La faim de l’histoire
(Agence Science-Presse) – Éliminer la famine serait-il, pour un État, un signe de maturité? C’est la thèse que développe l’historien américain James Vernon dans son dernier livre. Il est un fait que les gouvernements qui sont parvenus à éradiquer famine et malnutrition, à commencer par l’Angleterre aux XIXe et XXe siècles, ont atteint ce but par un mélange de prise de conscience politique (favorisée, entre autres, par les médias) et de développement scientifique (en agriculture, en nutrition, en médecine). Mais ces États ont bénéficié aussi de conditions économiques favorables à la création d’institutions d’assistance. C’est là un léger détail, qui manque aujourd’hui à beaucoup des pays les plus pauvres d’aujourd’hui… Il est indéniable que lorsque le revenu moyen augmente, la qualité de l’alimentation —en particulier, celle destinée aux enfants— augmente, mais comment faire augmenter le revenu moyen? Une histoire de la famine ne fournit pas la réponse… (Hunger: A Modern History, Harvard University Press, 2007).
Russie: où en est-on avec les bombes atomiques?

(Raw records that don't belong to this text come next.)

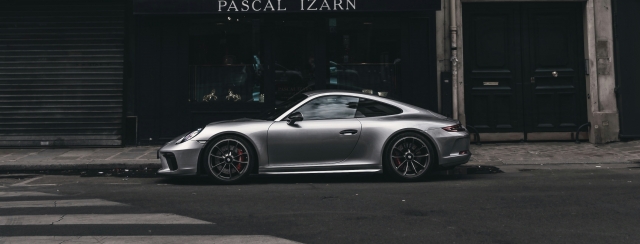  Porsche Tours Porsche GT4 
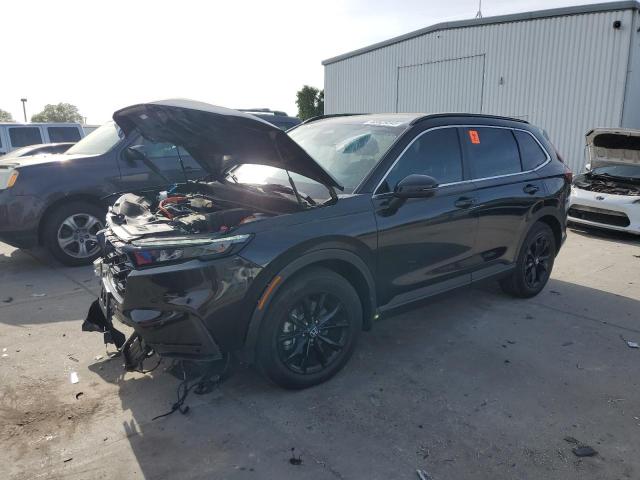 HONDA CRV – zdjęcie z aukcji, lot #53529345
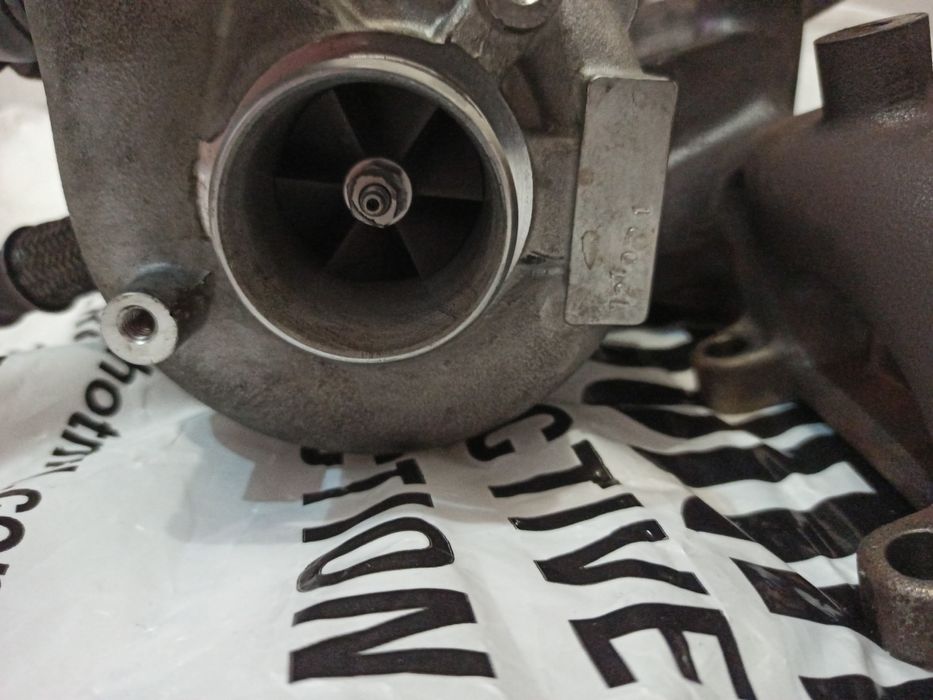 Turbina 1.9 TDI ARL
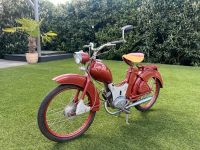 Simson SR2 Top Restauriert  Papiere SR1 Oldtimer Moped Rheinland-Pfalz - Worms Vorschau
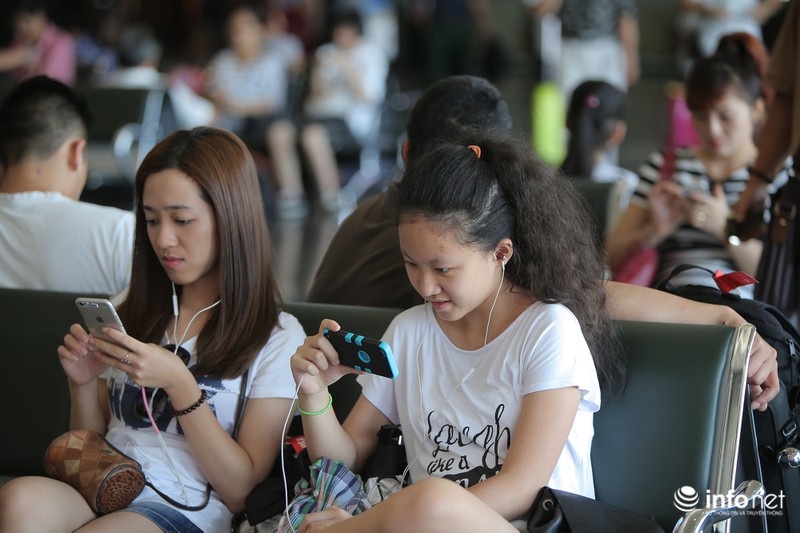 Người Việt thành thị - Những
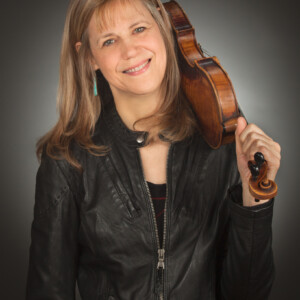 Diane Delin Jazz Ensembles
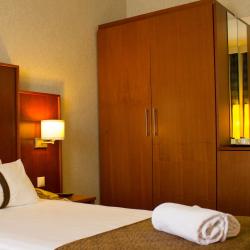 2-местный номер стандарт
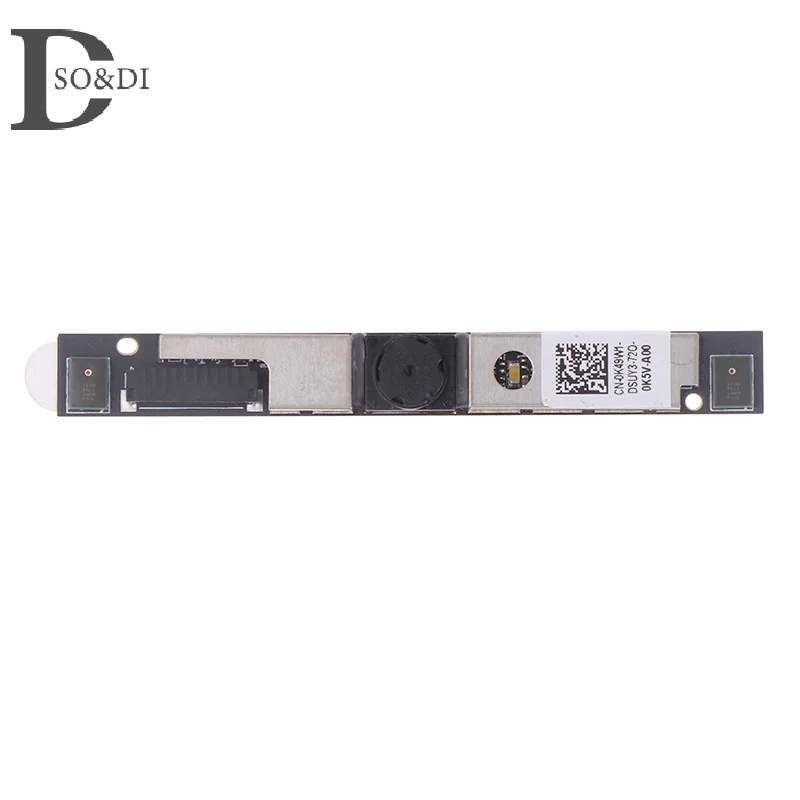 1Pcs High Quality Laptop Notebook Camera Board Module Webcam For DELL E5470 Rear Camera Webcam Camera Video Head Module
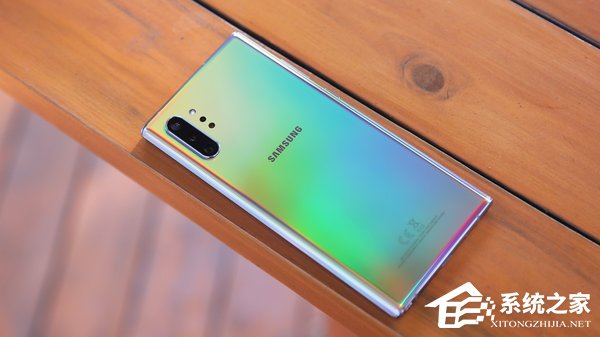 买Galaxy Note10还是Note10+ 5G？三星Note10+ 5G和Note10区别对比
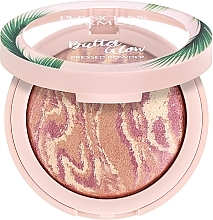 Powder - Physicians Formula Murumuru Butter Glow Pressed Powder — photo N1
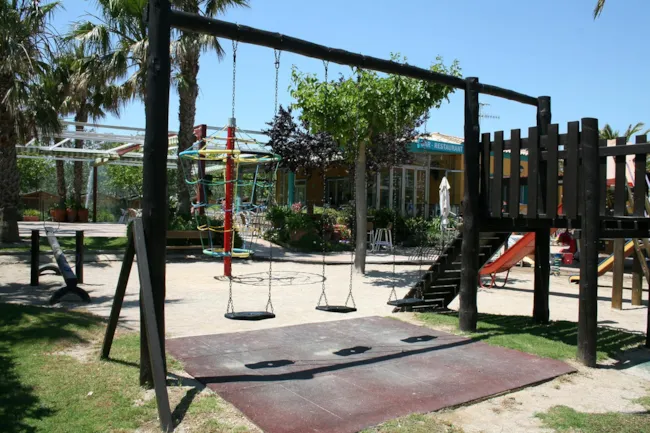 Camping Eucaliptus - image n°4 - Camping Direct
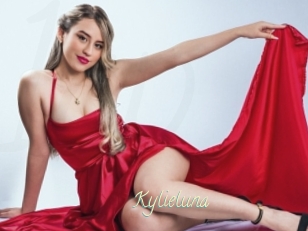 Kylieluna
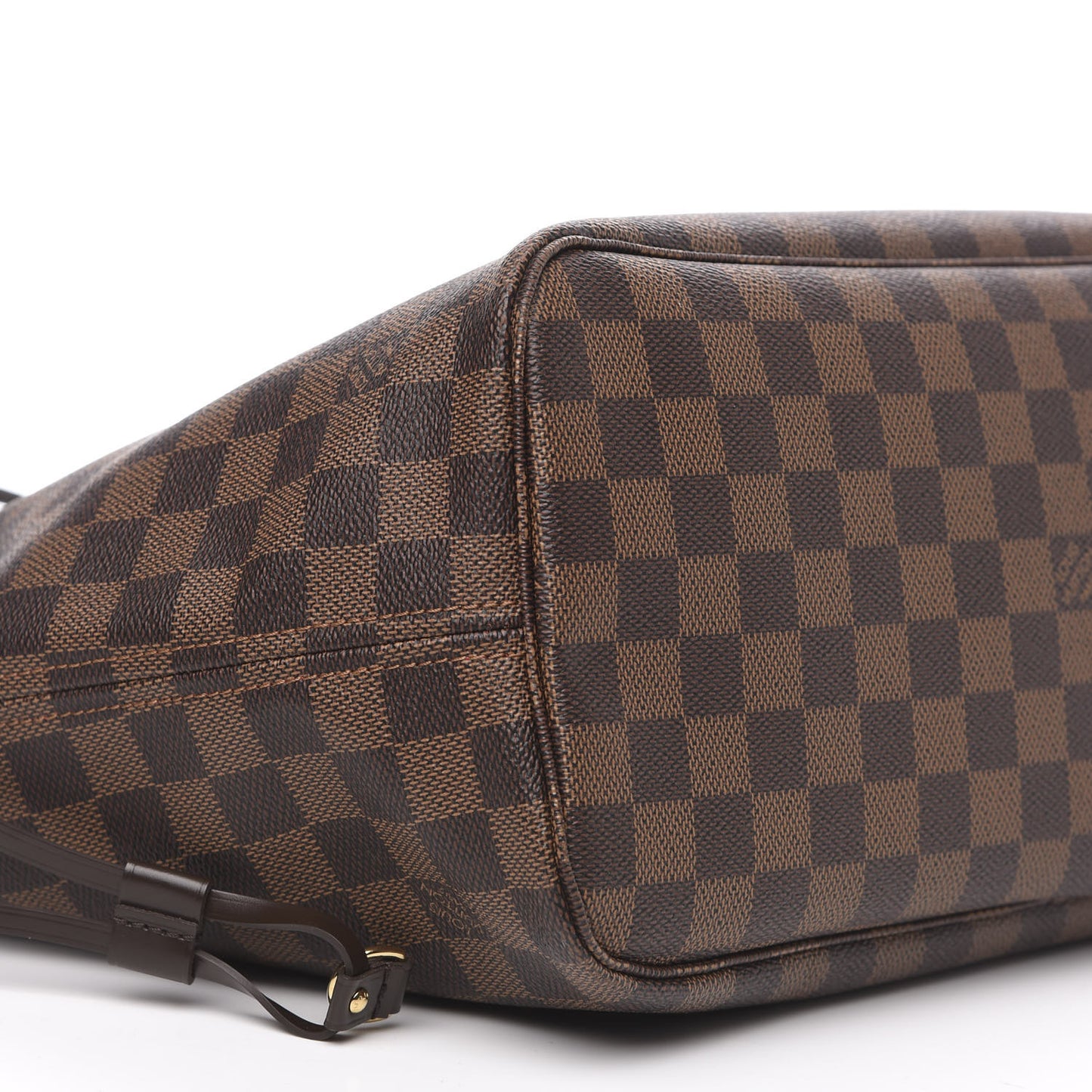 Damier Ebene Neverfull MM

(Agence Science-Presse) – Il y a une décennie, était lancé un vaste projet pour assurer à la Russie une «dénucléarisation» harmonieuse. Le projet (Initiatives for Proliferation Prevention, ou IPP), géré conjointement par la Russie et les États-Unis —quoique largement financé par ces derniers— visait à éliminer le risque que des scientifiques et des ingénieurs nucléaires ne vendent leur savoir à des pays peu recommandables, en les aidant à se trouver d’autres emplois. Or, ce programme est maintenant sur la glace. Une récente enquête du Congrès, à Washington, a révélé que près de la moitié des scientifiques payés par l’IPP n’ont jamais travaillé dans l’armement, dont certains qui sont même trop jeunes pour avoir pu travailler à l’époque où cela s’appelait encore l’Union soviétique. Depuis sa création, l’IPP a donné 309 millions$ à quelque 17 000 scientifiques. Ce qui semble beaucoup mais qui, au final, ne représente que 35$ par personne par jour. Peut-être pas assez pour empêcher ceux qui détiennent vraiment des secrets de les vendre au plus offrant…

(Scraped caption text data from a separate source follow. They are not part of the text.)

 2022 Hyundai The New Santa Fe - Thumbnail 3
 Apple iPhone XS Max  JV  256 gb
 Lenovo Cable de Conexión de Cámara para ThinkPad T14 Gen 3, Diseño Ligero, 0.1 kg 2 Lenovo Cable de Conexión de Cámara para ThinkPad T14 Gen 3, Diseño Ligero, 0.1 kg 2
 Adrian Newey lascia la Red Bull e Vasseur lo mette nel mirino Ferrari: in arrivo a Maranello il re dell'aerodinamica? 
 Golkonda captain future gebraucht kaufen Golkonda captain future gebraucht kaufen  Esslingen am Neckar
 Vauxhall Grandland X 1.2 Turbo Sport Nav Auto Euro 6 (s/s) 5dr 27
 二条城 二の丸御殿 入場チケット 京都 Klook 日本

L’information (scientifique) veut être libre
(Agence Science-Presse) – Les chercheurs qui préféreraient que leurs recherches ne soient accessibles qu’au plus petit nombre d’experts, ont de plus en plus de difficultés. Depuis une décennie, le mouvement d’accès public à la recherche (en anglais, open access) ne cesse de gagner en influence et voilà que le plus important organisme subventionnaire des États-Unis, sinon du monde, serre la vis. À partir du 7 avril, vient de stipuler le NIH (National Institutes of Health), toute recherche financée par le NIH devra être publiée dans une base de données gratuite (PubMed Central). Les chercheurs qui refuseront de s’y soumettre pourront perdre des points lors de leurs futures demandes de subventions. En fait, une telle politique existait depuis mai 2005, mais uniquement sur une base volontaire: résultat, seulement 12% des auteurs s’y étaient soumis jusqu’ici.